[Discussioni] nuovo concetto: inquinamento informatico
Roberto A. Foglietta
roberto.foglietta a gmail.com
Ven 25 Maggio 2007 09:42:29 CEST
Il 24/05/07, Antonio Russo<antonio a softwarelibero.it> ha scritto:
> Il giorno gio, 24/05/2007 alle 15.30 +0200, Roberto A. Foglietta ha
> scritto:
>
> > Partner troppo grandi per molte piccole aziende italiane. Questo IMHO
> > è il motivo principale per cui varrebbe la pena di fare un contenitore
> > (magari futuro consorzio) che raccolga le imprese che offrono servizi
> > basati su software libero.
>
> Arrivi in leggero ritardo, il consorzio esiste già da 3 anni :-)

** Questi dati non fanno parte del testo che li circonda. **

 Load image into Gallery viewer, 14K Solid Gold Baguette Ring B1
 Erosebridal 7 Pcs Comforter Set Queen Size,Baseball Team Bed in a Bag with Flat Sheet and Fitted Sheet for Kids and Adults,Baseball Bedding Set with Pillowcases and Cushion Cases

> http://www.consorziocirs.it/
Il fatto di partire da contenitore e poi diventare consorzio oppure
viceversa non portano allo stesso risultato. Infatti tu hai catalogato
un centinaio di aziende che operano nel software libero mentre lì ve
ne sono 9. Se le altre 91 aziende formassero un contenitore
probabilmente sarebbero le 9 iniziali a doversi spostare nel
contenitore delle ultime arrivate (è successo un milione di volte che
i precursori siano poi stati superati da quelli arrivati in ritardo ma
che hanno saputo sfruttare il "momentum" piuttosto che l'anticipo).
<joke> Se poi qualcuno pensa che questa sia un'ingiustizia sappia che
in fondo l'universo è musica e nella musica conta la capacità di
andare a tempo. </joke>
La velocità con cui un contenitore riesce ad espandersi è una
funzione esponenziale del numero dei contenuti. Quasi piatta
all'inizio, molto ripida nel mezzo e quasi piatta quando si è prossimi
ad aver incluso tutti quelli "aventi le caratteristiche o interesse".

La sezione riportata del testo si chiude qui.